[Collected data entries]
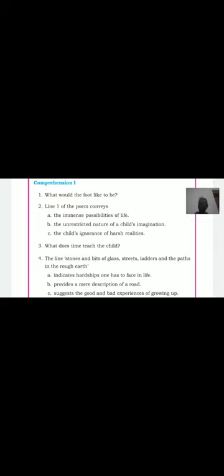Now let us go to the comprehension aspect — questions and answers from an exam point of view. What would the foot like to be? The foot wants to be an apple or a butterfly. What is the child's foot not aware of? The child's foot is not aware that it is a foot. What are the stones, bits of glass, streets, and ladders? They refer to the hardships and difficulties one has to face in life.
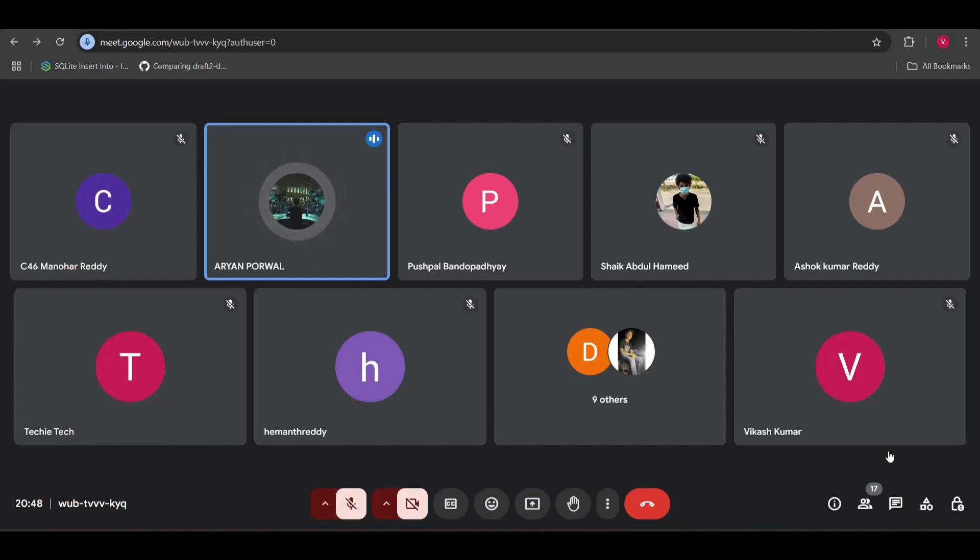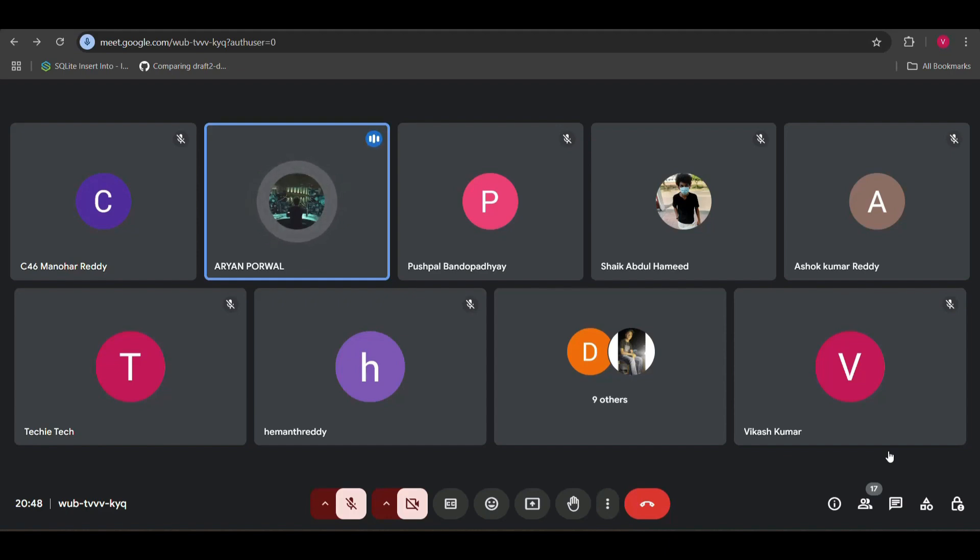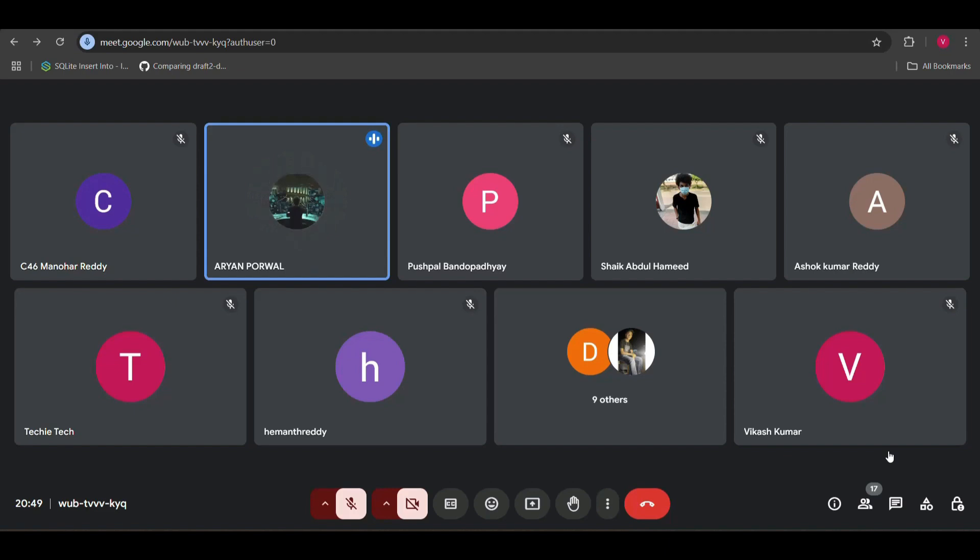The technical round one was completely based upon operating systems and a little bit of DSA, data structures and algorithms, although the main focus was on operating systems. To be honest, almost all the questions were from Bhaiya's playlist only. He said that the booting process would be asked—it was completely asked. He said that paging, segmentation, the concept of operating systems, the basic concepts will be asked—they were asked.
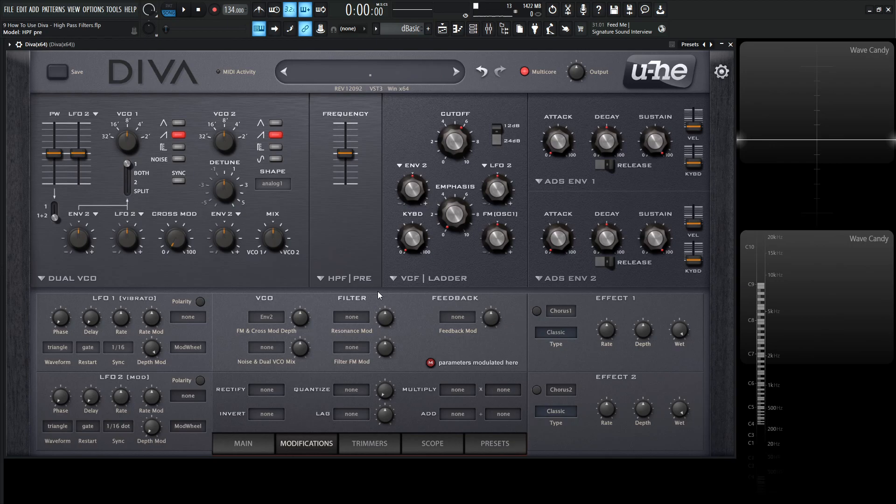That way, once you're creating a patch, you can say, 'Oh, okay, this sounds cool. Maybe I want to put the byte high-pass filter on that,' as opposed to the pre-version or so on. So that's pretty much it. Thank you for watching, and we'll see you in the next video.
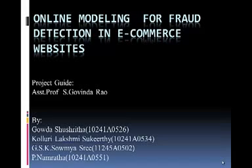We are dealing with a project on online modeling for fraud detection in e-commerce websites, under the guidance of Assistant Professor S. Govinder Rao of the CSA Department, GIAT. Our project members are Shushrita, Sukirti, Samishri, and Namrata.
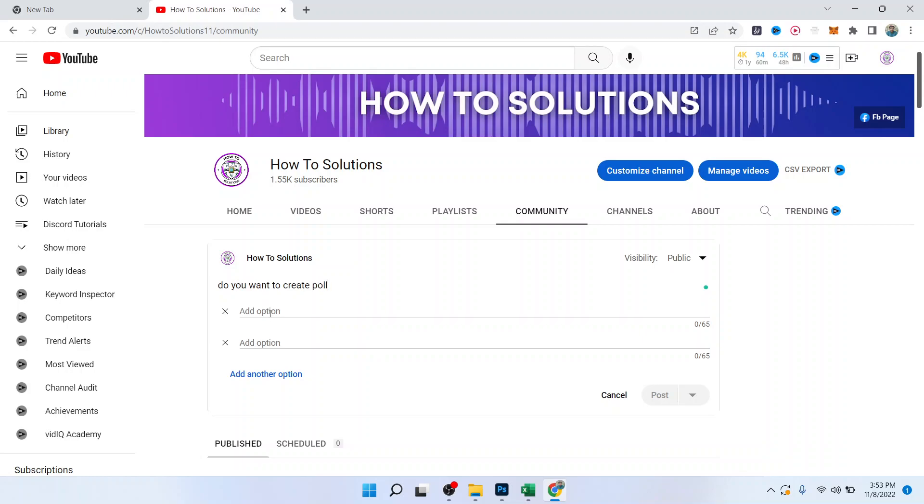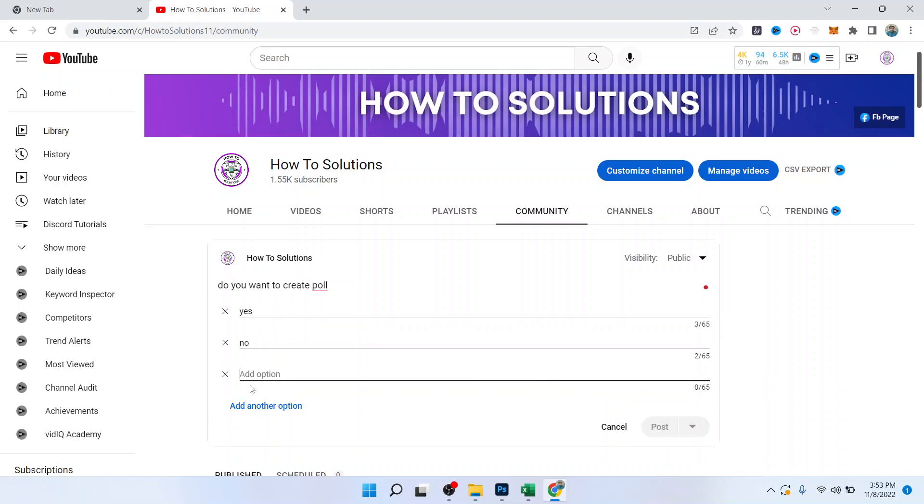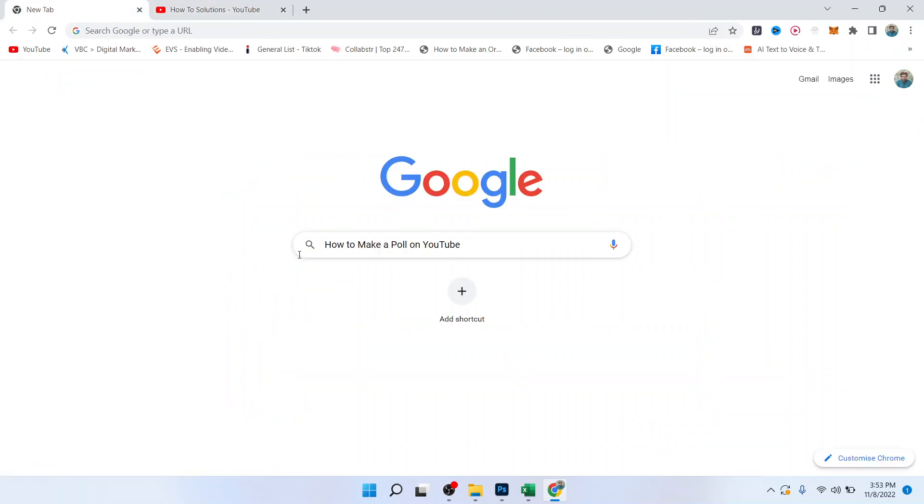And here you have options: yes, no. If you want, you can add another option, like maybe. Then you need to click on Post. Once you click on that, your poll will be created.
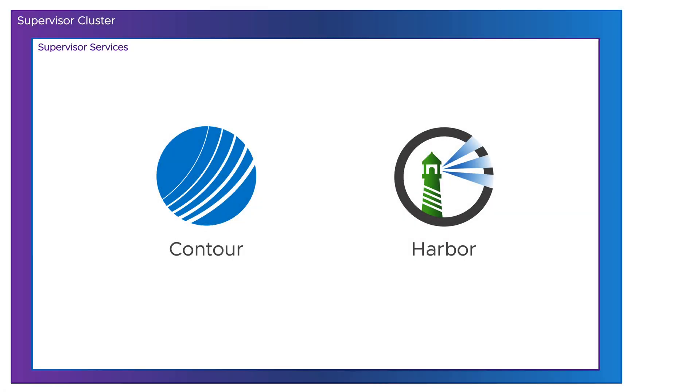Welcome to Supervisor Series. In this episode, we'll show you how you can extend your platform's capabilities by deploying curated services, such as OCI Image Registry, in form of Supervisor Services.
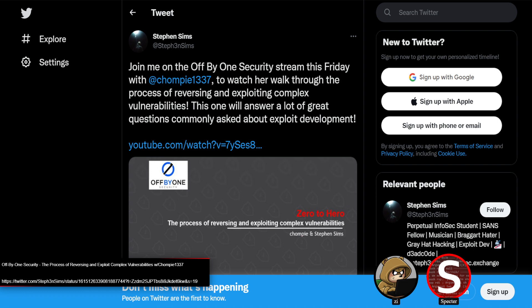Steven Sims is also involved — I believe he was the main author for SANS 760, their exploit dev course. He also co-authored Gray Hat Hacking if you're familiar with that book. So he knows what he's doing when it comes to that.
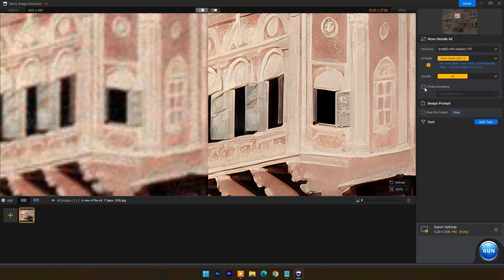Use 2-pass processing for the best results. The image prompt option can be used to upscale AI-generated images with an image prompt.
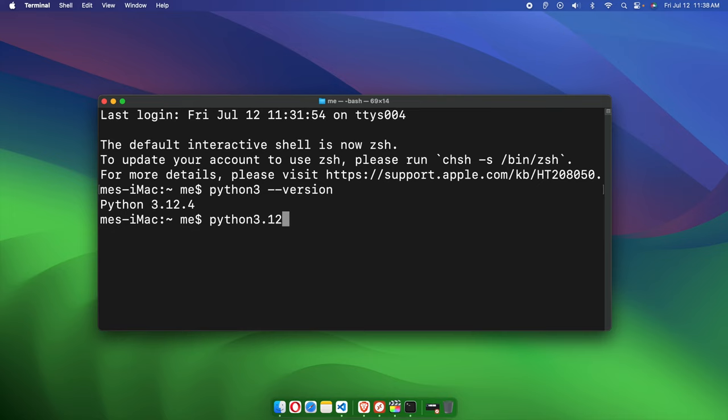You have to type the version which you installed in a similar way. Then we have to press Spacebar, and then we have to type '-m', then 'pip', then 'list'.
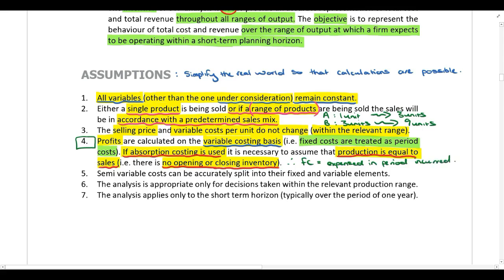The next assumption is that semi-variable costs can be accurately split into their fixed and variable elements. We can't work with semi-variable costs directly — we need to take that cost and split it into its fixed and variable portions before we can perform any calculations.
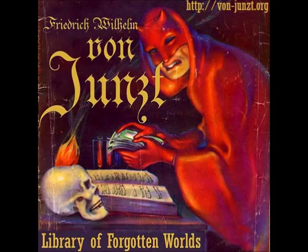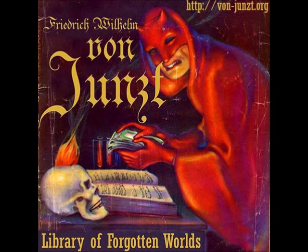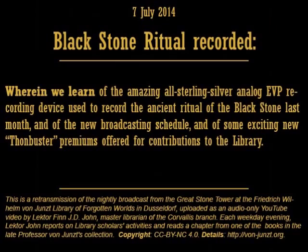Good evening. I and my colleagues at the Friedrich Wilhelm von Junst Library of Forgotten Worlds would like to welcome you to our thrice-weekly news report, and thank you for listening to tonight's broadcast. I am Lecter Finn J.D. John, Master Curator at the von Junst Library's Corvallis branch, and it is good to have you with us tonight.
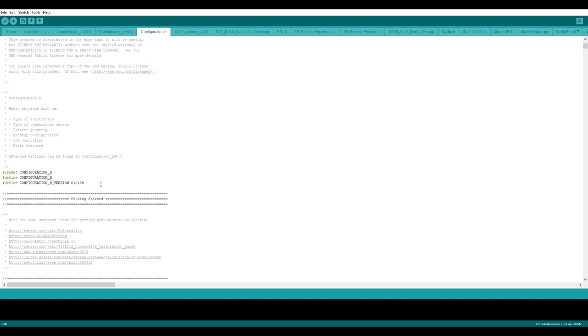This is my Marlin configuration file. Here you can see the version, it is 1.1.9. I already customized this file with my setup. I am using MKS Gen L board with touch screen and also RepRap full graphics controller, and I am using E3D V6 extruder, etc.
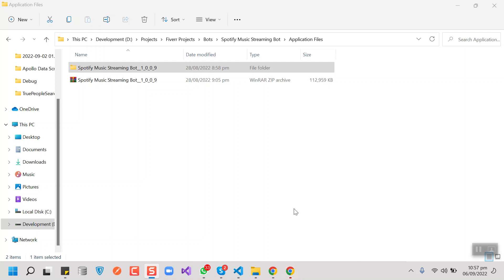Hello guys, today I am going to show you a music streaming board that I have developed for Spotify, Amazon, YouTube, and Apple Music. In this short video I am going to show you a live demo, plus I will be explaining all the steps that you would need to run this board on your Windows PC.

- **THE PROBLEM**:
"Good evening. I" marks the first line to copy, and "This is my Marlin" marks the last. Repeat that stretch above exactly, with no pictures.

- **WRITTEN RESPONSE**:
Good evening. I and my colleagues at the Friedrich Wilhelm von Junst Library of Forgotten Worlds would like to welcome you to our thrice-weekly news report, and thank you for listening to tonight's broadcast. I am Lecter Finn J.D. John, Master Curator at the von Junst Library's Corvallis branch, and it is good to have you with us tonight.
This is my Marlin configuration file. Here you can see the version, it is 1.1.9. I already customized this file with my setup. I am using MKS Gen L board with touch screen and also RepRap full graphics controller, and I am using E3D V6 extruder, etc.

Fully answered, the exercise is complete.